I also have noticed Assistant running 10x faster than before which is nice.

13 Likes

Such an amazing change, looking forward for more!

2 Likes

Thanks for asking! We’re constantly looking at what comes next and will have more to share soon.

6 Likes

Okay now, I don’t really use AI and I’m not very knowledgeable if this already exists . However 1 thing i definitely would use it for is the meaningless tasks such as importing and renaming x assets, or copying loads of asset ids from decals that i have made, basically the super boring and time consuming tasks.

Sorry if this is poorly worded but I am basically asking if we will ever see assistant gain read only access to our/ groups inventories and creations.

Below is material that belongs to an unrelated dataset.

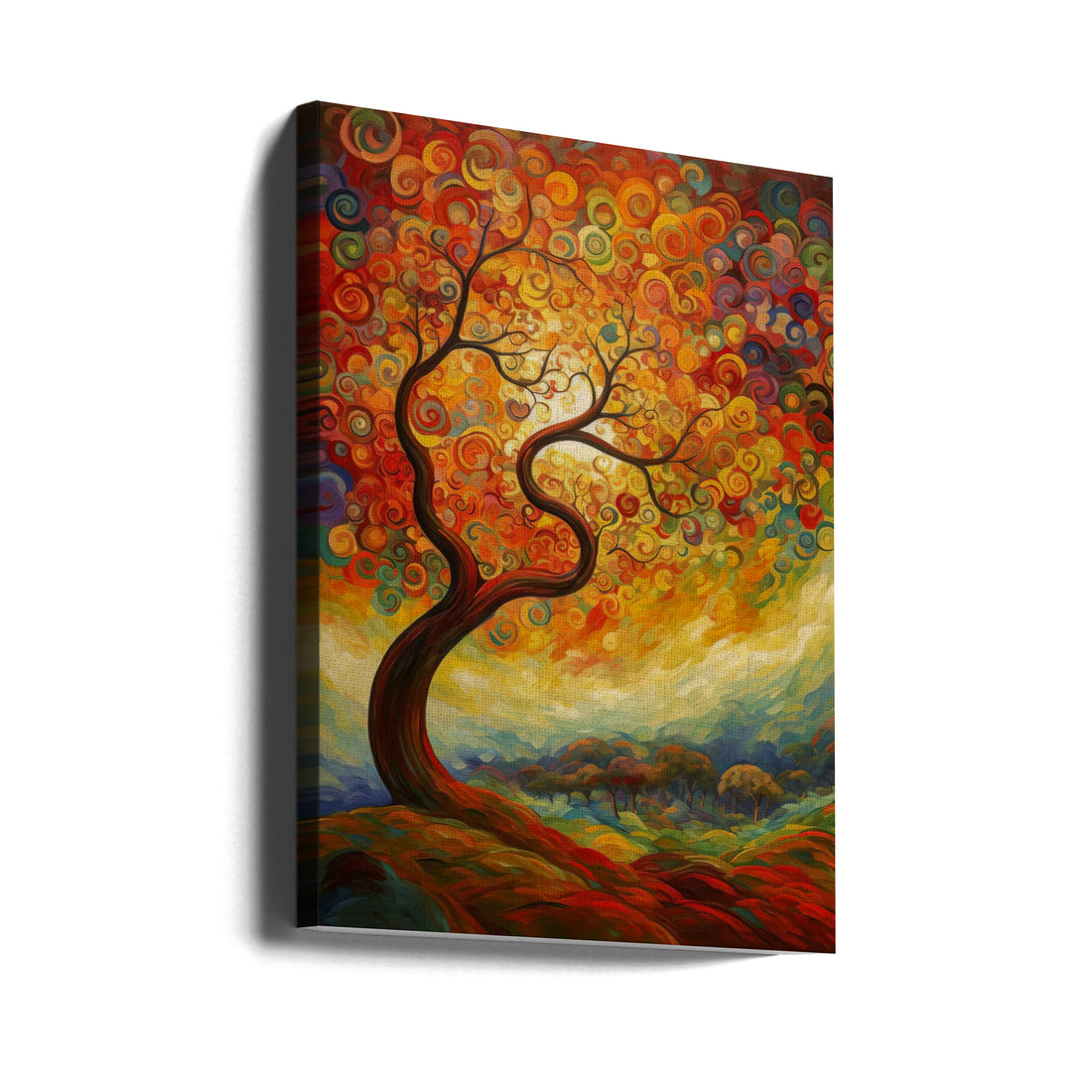 Tree Painting by Bilge Paksoylu | Autumn Nature Landscape, Large Canvas Wall Art Print | Artsy Earth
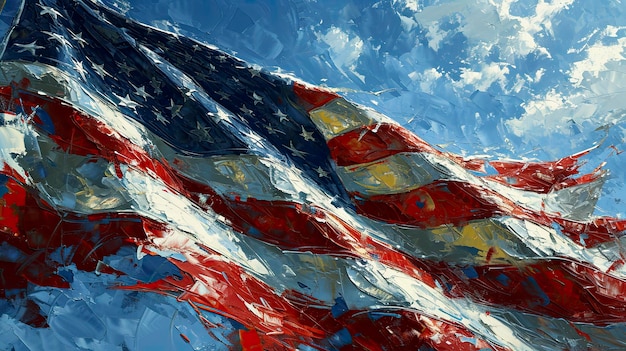Флаг США на фоне Голубое небо Флагман на фоне HD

Also this does look interesting, I will try it out

6 Likes

I can see how that capability would help. While there isn’t anything to share on that right now, we’re looking systematically about how to help save you time on things like this.

4 Likes

Is there a way to disable it entirely? The reason I ask is because it gets in the way of codex’s own subagents. A few times codex’s subagents will try running the studio mcp subagent, and it will time out.. wasting time.

1 Like

I imagine you can use the cloud APIs alongside some locally running python script to accomplish this (and you could use AI to help accomplish the creation of this).

2 Likes

You can disable the ‘agent’ tool in the MCP tool section of codex. For the playtest agent, specifically, it should only be available to those who opt in to the feature beta. To help us investigate, could you please share whether you’re seeing this for the playtest subagent or the search subagent?

4 Likes

Wouldn’t the best use of a test character be to test multiplayer? These sound like things a developer wouldn’t need an agent to help with.

5 Likes

Yes, we are excited to expand from this to provide multiplayer testing! For now, we hope that this first step can make it easier for those who use agents to help them self-correct their mistakes so you can save time overall on these kinds of tests.

2 Likes

I’m excited for when this lets me test multiplayer (co-op with the AI would be enough) but its in current state this is just gimmicky. The agent failed to use my UI to select a role, then it failed to be able to walk (it kept claiming it couldn’t navigate and then gave up and teleported itself), then it failed to tilt its camera down to press a green button that was literally right in front of it. embarrassing performance.
I’m a vibecoder, but I’m not so far gone i need the machine to literally play my own game for me. i can see this being EXTREMELY useful if i could spin up 5+ agents to test full lobby and emergent mechanics scenarios, so I’m hopeful there will be improvements.

9 Likes

Thank you for sharing this feedback. We appreciate the opportunity to learn about how the beta playtest agent performs in more scenarios so we can improve it. This move to a subagent form will give us more options over time to address the limitations you’re encountering.

4 Likes

I’m not sure, but I don’t have the playtest subagent enabled in beta features so it’s most likely the search subagent. Maybe it was causing issues because it wasn’t fully implemented? The timeout issue happened yesterday a few times.

(Doesn’t time out anymore)

1 Like

Thank you, we’ll investigate to see if we can figure out the underlying cause. Glad to hear it’s better now and to see if something was going on yesterday.

2 Likes

I’m wondering why these AI tools are constantly being released meanwhile things the community has been asking for years don’t even get put into consideration??

6 Likes

This is one of the updates that I really needed but never actually thought of. Give a rise to the person that came up with this.

1 Like